Name: Alice Weekly Meeting: Software for Hardware Accelerators / PDP-SRC
Start: 2023-11-29T11:00:00+01:00
End: 2023-11-29T12:20:00+01:00
Location: No location set

1

Discussion

Speakers: David Rohr (CERN), Ole Schmidt (CERN)

Color code: (critical, news during the meeting: green, news from this week: blue, news from last week: purple, no news: black)

High priority framework topics:

Problem with EndOfStream / Dropping Lifetime::Timeframe data
- 3rd debug feature in development, ETA end of next week.
Related: Should we change the consumeWhenAll completion policy, to wait for the oldestPossibleTimeframe update on all channels, to avoid that sporadic data can be missed.
- We can add a "consumeWhenAllTimeframe" policy with the old behavior is needed, but I think in most cases the change will not decrease the performance. It can only delay the processing if there are multiple sporadic inputs, while we wait for all TF inputs, and not all sporadic inputs arrive, which is a very special case.
- But it general, I think this is an important safety measure, and can avoid that we miss processing some sporadic data. Note that this will not trigger any error. And there are cases where the presense of other workflows changes the routes, and sporadic data for multiple inputs can arrive together or as 2 messages... So if we have such an error at some point, it would be very difficult to understand.
- Better to exclude it from the beginning.
Fix START-STOP-START for good
- All known issues on DPL side fixed, now other systems need to fix up their parts:
  - MCH / ITS / EMC crash in QC postprocessing, Barth / Piotr are following this up.
  - TPC Track QC is crashing, but unrelated - can always happen when the run is short. Robert is checking.
  - Readout sends wrong STFIDs
Problem with QC topologies with expendable tasks - Fixed in DPL, waiting for feedback.
New issue: sometimes CCDB populator produces backpressure, without processing data.
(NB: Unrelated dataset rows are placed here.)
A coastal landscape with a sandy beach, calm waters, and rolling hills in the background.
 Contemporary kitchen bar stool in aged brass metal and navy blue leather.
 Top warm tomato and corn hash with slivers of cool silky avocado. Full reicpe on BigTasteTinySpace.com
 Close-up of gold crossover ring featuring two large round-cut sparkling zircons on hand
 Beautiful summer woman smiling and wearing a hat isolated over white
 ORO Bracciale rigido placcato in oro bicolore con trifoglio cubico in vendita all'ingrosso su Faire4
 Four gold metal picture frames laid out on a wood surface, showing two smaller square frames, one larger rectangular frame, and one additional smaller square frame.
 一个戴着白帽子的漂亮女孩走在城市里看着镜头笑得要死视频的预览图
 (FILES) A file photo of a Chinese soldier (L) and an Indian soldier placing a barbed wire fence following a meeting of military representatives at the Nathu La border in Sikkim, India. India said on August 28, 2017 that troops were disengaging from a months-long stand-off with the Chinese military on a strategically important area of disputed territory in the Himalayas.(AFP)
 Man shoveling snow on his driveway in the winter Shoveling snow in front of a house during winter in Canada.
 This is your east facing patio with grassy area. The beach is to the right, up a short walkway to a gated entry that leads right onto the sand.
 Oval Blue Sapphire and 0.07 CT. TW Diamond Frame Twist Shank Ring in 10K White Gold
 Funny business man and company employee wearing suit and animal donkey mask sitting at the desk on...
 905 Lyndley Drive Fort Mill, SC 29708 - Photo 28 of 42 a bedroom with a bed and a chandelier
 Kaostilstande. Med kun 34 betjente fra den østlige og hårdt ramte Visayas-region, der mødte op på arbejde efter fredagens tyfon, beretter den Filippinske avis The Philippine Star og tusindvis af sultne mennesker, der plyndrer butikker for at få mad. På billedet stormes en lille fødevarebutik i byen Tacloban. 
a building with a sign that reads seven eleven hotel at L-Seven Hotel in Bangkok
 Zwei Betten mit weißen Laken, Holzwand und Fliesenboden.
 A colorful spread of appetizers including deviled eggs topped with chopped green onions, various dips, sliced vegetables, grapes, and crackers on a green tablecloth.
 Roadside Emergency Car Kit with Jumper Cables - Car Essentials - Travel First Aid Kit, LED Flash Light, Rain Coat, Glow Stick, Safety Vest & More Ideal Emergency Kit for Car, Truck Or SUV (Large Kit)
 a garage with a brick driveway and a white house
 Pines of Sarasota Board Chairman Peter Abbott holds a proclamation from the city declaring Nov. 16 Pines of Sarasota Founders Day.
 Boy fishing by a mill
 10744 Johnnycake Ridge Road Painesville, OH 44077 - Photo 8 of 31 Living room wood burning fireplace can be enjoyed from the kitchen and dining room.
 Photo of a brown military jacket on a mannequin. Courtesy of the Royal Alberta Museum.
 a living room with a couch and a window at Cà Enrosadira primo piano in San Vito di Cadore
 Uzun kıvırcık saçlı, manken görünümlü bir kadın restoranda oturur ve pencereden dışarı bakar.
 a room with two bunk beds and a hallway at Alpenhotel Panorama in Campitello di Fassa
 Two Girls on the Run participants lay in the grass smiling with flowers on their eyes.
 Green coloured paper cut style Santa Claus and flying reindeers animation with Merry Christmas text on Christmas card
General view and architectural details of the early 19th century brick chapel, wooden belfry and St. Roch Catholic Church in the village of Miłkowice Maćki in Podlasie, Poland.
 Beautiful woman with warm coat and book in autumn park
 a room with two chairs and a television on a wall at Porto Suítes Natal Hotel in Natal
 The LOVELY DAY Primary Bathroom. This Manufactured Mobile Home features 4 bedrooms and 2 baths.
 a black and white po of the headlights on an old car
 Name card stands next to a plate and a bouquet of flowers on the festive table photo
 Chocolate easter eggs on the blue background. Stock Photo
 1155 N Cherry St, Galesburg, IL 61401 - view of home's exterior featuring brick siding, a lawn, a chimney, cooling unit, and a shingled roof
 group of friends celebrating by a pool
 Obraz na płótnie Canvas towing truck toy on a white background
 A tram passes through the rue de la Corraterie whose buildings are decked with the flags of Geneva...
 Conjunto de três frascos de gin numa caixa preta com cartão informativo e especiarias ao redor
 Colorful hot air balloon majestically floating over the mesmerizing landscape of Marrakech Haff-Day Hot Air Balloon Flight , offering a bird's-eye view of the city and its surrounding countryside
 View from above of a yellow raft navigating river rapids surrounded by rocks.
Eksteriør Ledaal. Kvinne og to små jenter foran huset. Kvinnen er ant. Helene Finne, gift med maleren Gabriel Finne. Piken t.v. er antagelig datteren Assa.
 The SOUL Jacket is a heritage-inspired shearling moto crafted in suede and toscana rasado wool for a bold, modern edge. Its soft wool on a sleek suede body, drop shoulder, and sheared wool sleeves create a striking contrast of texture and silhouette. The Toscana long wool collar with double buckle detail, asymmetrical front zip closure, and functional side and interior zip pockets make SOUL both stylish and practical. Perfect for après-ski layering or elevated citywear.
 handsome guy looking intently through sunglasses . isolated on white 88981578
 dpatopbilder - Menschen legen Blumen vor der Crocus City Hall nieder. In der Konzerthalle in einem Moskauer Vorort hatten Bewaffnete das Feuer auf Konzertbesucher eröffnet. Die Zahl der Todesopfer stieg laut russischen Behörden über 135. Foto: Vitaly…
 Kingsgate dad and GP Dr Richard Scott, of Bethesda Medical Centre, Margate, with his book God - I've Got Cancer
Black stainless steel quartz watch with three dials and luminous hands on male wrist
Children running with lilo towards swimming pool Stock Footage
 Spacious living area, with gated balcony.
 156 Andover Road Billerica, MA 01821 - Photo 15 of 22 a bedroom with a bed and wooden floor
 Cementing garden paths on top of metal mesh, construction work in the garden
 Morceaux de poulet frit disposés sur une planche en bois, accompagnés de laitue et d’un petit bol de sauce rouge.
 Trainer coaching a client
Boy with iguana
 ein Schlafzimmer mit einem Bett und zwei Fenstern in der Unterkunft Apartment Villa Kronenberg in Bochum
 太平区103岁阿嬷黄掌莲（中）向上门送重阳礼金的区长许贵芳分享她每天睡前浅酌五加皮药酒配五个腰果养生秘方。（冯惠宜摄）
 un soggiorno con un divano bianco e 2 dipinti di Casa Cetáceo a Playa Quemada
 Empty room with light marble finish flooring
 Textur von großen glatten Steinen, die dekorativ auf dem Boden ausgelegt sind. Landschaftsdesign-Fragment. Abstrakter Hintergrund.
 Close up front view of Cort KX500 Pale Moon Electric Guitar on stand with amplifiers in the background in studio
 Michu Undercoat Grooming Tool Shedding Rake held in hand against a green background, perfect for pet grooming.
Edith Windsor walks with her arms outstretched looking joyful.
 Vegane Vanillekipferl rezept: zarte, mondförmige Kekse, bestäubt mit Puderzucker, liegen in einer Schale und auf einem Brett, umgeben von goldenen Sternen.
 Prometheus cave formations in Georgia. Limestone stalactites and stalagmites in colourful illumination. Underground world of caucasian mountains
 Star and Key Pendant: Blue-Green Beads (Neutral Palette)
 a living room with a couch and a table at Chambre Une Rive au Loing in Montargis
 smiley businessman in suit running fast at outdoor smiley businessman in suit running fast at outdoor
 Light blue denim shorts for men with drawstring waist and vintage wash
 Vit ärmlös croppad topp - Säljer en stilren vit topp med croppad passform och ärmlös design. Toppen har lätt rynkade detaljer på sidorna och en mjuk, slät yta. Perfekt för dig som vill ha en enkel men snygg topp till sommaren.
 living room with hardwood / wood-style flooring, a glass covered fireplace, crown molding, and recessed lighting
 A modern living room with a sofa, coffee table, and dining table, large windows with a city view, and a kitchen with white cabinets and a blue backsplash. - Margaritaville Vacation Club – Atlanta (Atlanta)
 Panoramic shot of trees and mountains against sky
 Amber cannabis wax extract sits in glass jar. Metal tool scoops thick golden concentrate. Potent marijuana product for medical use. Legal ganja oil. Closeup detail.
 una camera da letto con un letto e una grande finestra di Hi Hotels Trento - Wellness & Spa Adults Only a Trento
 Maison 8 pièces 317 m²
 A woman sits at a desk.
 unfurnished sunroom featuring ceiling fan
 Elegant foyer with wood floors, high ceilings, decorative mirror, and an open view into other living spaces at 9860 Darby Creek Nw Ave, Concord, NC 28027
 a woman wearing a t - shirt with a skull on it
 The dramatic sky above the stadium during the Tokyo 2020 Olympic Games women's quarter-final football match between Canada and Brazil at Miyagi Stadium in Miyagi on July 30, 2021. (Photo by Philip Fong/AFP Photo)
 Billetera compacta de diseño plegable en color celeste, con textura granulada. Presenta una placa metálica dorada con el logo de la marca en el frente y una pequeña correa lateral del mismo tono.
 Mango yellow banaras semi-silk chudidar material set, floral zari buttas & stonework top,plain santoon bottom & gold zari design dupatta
Crashed several Pb-Pb runs yet: https://alice.its.cern.ch/jira/browse/O2-4244
- Disappeared after disabled CPV gain calib, that was very slow. However, this can only have hidden the problem. Apparently there is a race condition that can trigger a problem in the input handling, which makes the CCDB populator stuck. Since the run funciton of the CCDB populator is not called and it does not have a special completion policy, but simply consumeWhenAny, this is likely to be a generic problem.
- Cannot be debugged Pb-Pb right now, since it is mitigated. But must be understood afterwards.

Other framework tickets:

TOF problem with receiving condition in tof-compressor: https://alice.its.cern.ch/jira/browse/O2-3681
Grafana metrics: Might want to introduce additional rate metrics that subtract the header overhead to have the pure payload: low priority.
Backpressure reporting when there is only 1 input channel: no progress: https://alice.its.cern.ch/jira/browse/O2-4237
Stop entire workflow if one process segfaults / exits unexpectedly. Tested again in January, still not working despite some fixes. https://alice.its.cern.ch/jira/browse/O2-2710
https://alice.its.cern.ch/jira/browse/O2-1900 : FIX in PR, but has side effects which must also be fixed.
https://alice.its.cern.ch/jira/browse/O2-2213 : Cannot override debug severity for tpc-tracker
https://alice.its.cern.ch/jira/browse/O2-2209 : Improve DebugGUI information
https://alice.its.cern.ch/jira/browse/O2-2140 : Better error message (or a message at all) when input missing
https://alice.its.cern.ch/jira/browse/O2-2361 : Problem with 2 devices of the same name
https://alice.its.cern.ch/jira/browse/O2-2300 : Usage of valgrind in external terminal: The testcase is currently causing a segfault, which is an unrelated problem and must be fixed first. Reproduced and investigated by Giulio.
Found a reproducible crash (while fixing the memory leak) in the TOF compressed-decoder at workflow termination, if the wrong topology is running. Not critical, since it is only at the termination, and the fix of the topology avoids it in any case. But we should still understand and fix the crash itself. A reproducer is available.
Support in DPL GUI to send individual START and STOP commands.
Problem I mentioned last time with non-critical QC tasks and DPL CCDB fetcher is real. Will need some extra work to solve it. Otherwise non-critical QC tasks will stall the DPL chain when they fail.
DPL sending SHM metrics for all devices, not only input proxy: https://alice.its.cern.ch/jira/browse/O2-4234
Some improvements to ease debugging: https://alice.its.cern.ch/jira/browse/O2-4196 https://alice.its.cern.ch/jira/browse/O2-4195 https://alice.its.cern.ch/jira/browse/O2-4166
After Pb-Pb, we need to do a cleanup session and go through all these pending DPL tickets with a higher priority, and finally try to clean up the backlog.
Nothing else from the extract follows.